02 March. Friday of the First Week of Lent
Ezekiel 18:21ff. Ezekiel’s teaching about personal responsibility offsets the older focus on the guilt of the clan.
Matthew 5:20ff. The true righteousness, that goes deeper – not simply keeping a set of laws.
The prophet Ezekiel places before us God’s expectation that we persevere in doing good across a lifetime. In Matthew’s gospel Jesus roots this expectation in the depths of the heart. We must do more than externally avoid murdering our brother or sister; we must interiorly be at peace with them and never harbor anger or resentment.
Jesus also names the recipient of our patience and kindliness; he calls this person our brother or our sister. At first, this designation might seem to make the practice of tolerance and helpfulness all the easier. Yet our common experience tells us that we lose our temper more quickly and muster the strength to forgive far more slowly in the case of our own family, relation or neighbourhood. Family feuds flare up unexpectedly and last for generations.
Once we are reconciled in our hearts, as Jesus expects, then the prophet Ezekiel declares that this new relationship of trust, compassion and assistance must not be a quick, momentary expression. It is not to be easily forgotten as we conveniently avoid our newly found brother or sister for the rest of our life. Consistently and daily we are expected to live together as one family.
This continuous bond of affection and mutual help is so important that Jesus states: “If you bring your gift to the altar and then recall that your brother or sister has anything against you, go first to be reconciled with your brother or sister, and then come and offer your gift.” These words sear a quick, straight path into our conscience, as we are gathered around our Eucharistic table.
This journey to our brother or sister can be made in our heart first; we form a determination to do all in our power to win back our brother or sister. On that condition which practically asks us to be forgiving, patient, and tolerant of differences, we can continue with our Eucharist. If we fail, however, to carry through on our promise and ignore our brother or sister, then Ezekiel rings out the deadly warning: “If the virtuous person turns from the path of virtue to do evil . . . has broken faith and committed sin, … he shall die!”
These divine expectations, enunciated by Ezekiel and Jesus, touch at times upon the heroic, as we are not asked but commanded to forgive and be reconciled, on pain of death and the fires of Gehenna. Does God ask too much? God asks nothing without first giving us the grace of a “new heart and … a new spirit” and putting his own spirit within us (see Ez 36:26-27). Secondly, God provides his own compelling example. In Ezekiel God assures us that no matter how wickedly we have offended him – whatever be the offense against life and goodness – God forgives at once if we turn from our evil ways. Ezekiel concludes this extraordinary chapter with God’s admission, “I have no pleasure in the death of anyone who dies . . . Return and live!”

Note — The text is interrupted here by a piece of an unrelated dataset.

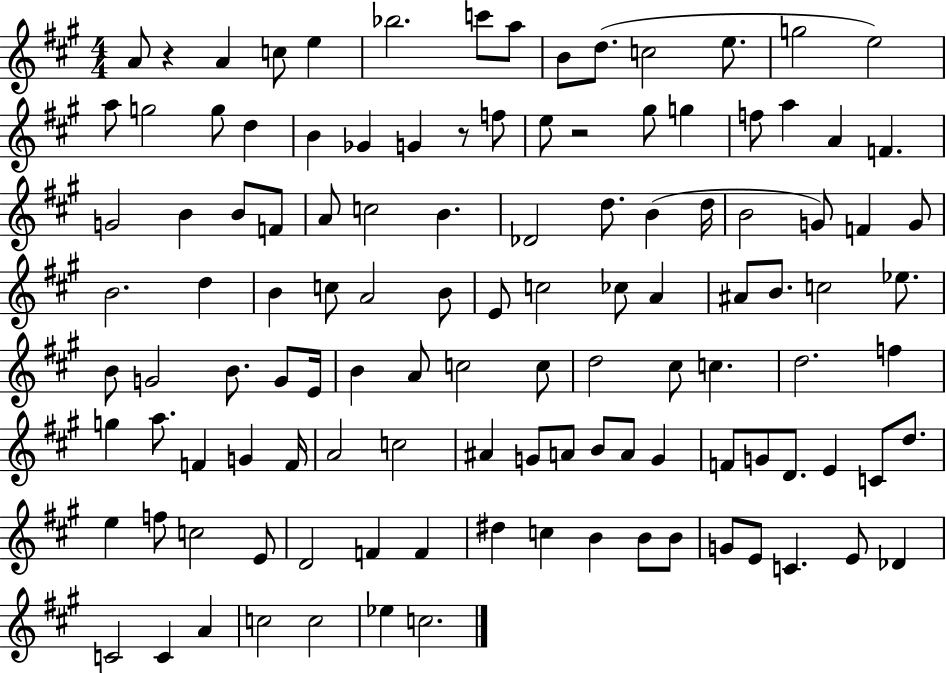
A4/e R/q A4/q C5/e E5/q Bb5/h. C6/e A5/e B4/e D5/e. C5/h E5/e. G5/h E5/h A5/e G5/h G5/e D5/q B4/q Gb4/q G4/q R/e F5/e E5/e R/h G#5/e G5/q F5/e A5/q A4/q F4/q. G4/h B4/q B4/e F4/e A4/e C5/h B4/q. Db4/h D5/e. B4/q D5/s B4/h G4/e F4/q G4/e B4/h. D5/q B4/q C5/e A4/h B4/e E4/e C5/h CES5/e A4/q A#4/e B4/e. C5/h Eb5/e. B4/e G4/h B4/e. G4/e E4/s B4/q A4/e C5/h C5/e D5/h C#5/e C5/q. D5/h. F5/q G5/q A5/e. F4/q G4/q F4/s A4/h C5/h A#4/q G4/e A4/e B4/e A4/e G4/q F4/e G4/e D4/e. E4/q C4/e D5/e. E5/q F5/e C5/h E4/e D4/h F4/q F4/q D#5/q C5/q B4/q B4/e B4/e G4/e E4/e C4/q. E4/e Db4/q C4/h C4/q A4/q C5/h C5/h Eb5/q C5/h.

Out of the depths I cry to you, O Lord; Lord, hear my voice.
First Reading: Ezekiel 18:21-28
But if the wicked turn away from all their sins that they have committed and keep all my statutes and do what is lawful and right, they shall surely live; they shall not die. None of the transgressions that they have committed shall be remembered against them; for the righteousness that they have done they shall live. Have I any pleasure in the death of the wicked, says the Lord God, and not rather that they should turn from their ways and live?
But when the righteous turn away from their righteousness and commit iniquity and do the same abominable things that the wicked do, shall they live? None of the righteous deeds that they have done shall be remembered; for the treachery of which they are guilty and the sin they have committed, they shall die. Yet you say, “The way of the Lord is unfair.” Hear now, O house of Israel: Is my way unfair? Is it not your ways that are unfair?

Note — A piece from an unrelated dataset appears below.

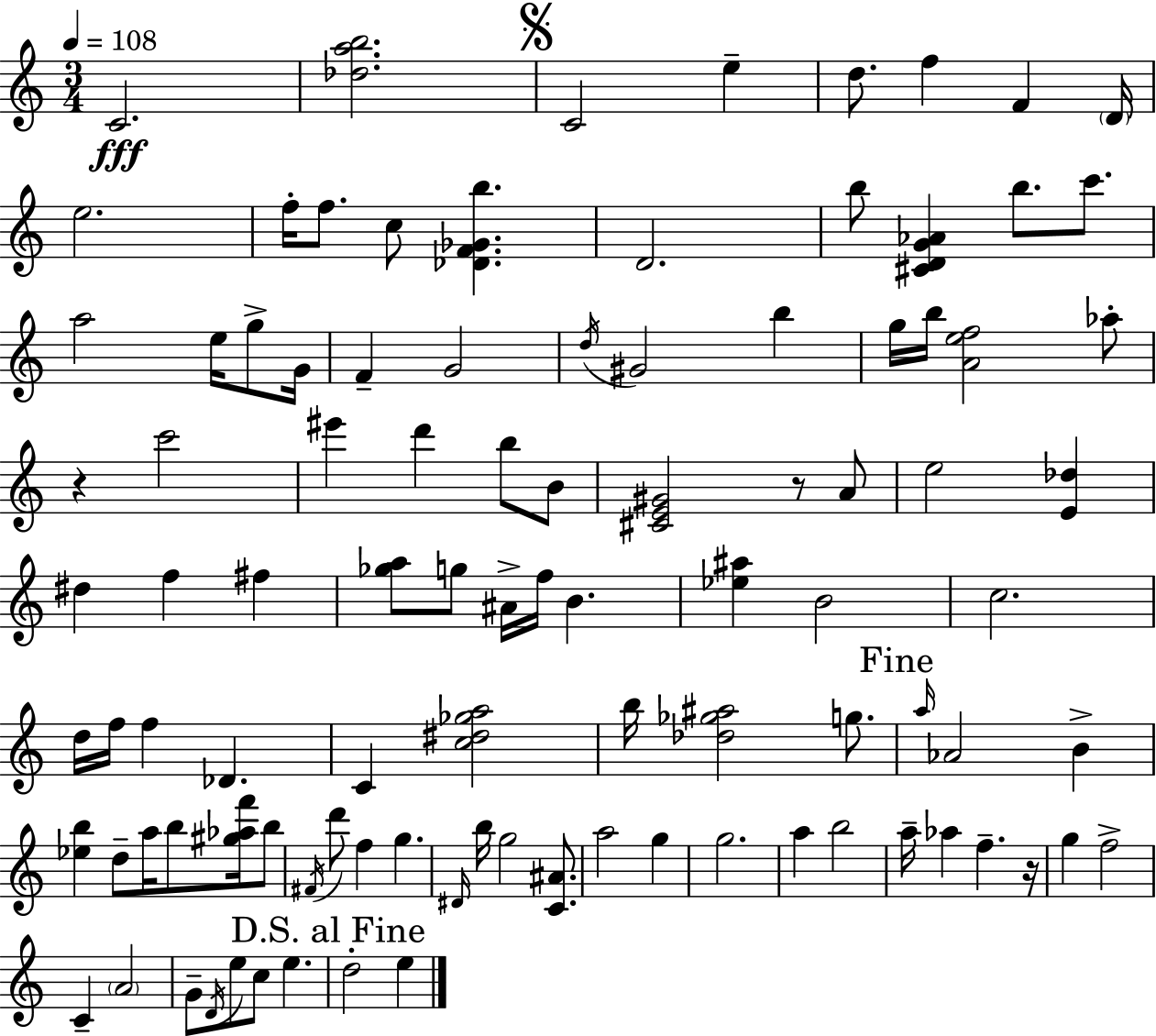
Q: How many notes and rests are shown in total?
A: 99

When the righteous turn away from their righteousness and commit iniquity, they shall die for it; for the iniquity that they have committed they shall die. Again, when the wicked turn away from the wickedness they have committed and do what is lawful and right, they shall save their life. Because they considered and turned away from all the transgressions that they had committed, they shall surely live; they shall not die.
Gospel: Matthew 5:20-26
For I tell you, unless your righteousness exceeds that of the scribes and Pharisees, you will never enter the kingdom of heaven.
“You have heard that it was said to those of ancient times, ‘You shall not murder’; and ‘whoever murders shall be liable to judgment.’ But I say to you that if you are angry with a brother or sister, you will be liable to judgment; and if you insult a brother or sister, you will be liable to the council; and if you say, ‘You fool,’ you will be liable to the hell of fire. So when you are offering your gift at the altar, if you remember that your brother or sister has something against you, leave your gift there before the altar and go; first be reconciled to your brother or sister, and then come and offer your gift. Come to terms quickly with your accuser while you are on the way to court with him, or your accuser may hand you over to the judge, and the judge to the guard, and you will be thrown into prison. Truly I tell you, you will never get out until you have paid the last penny.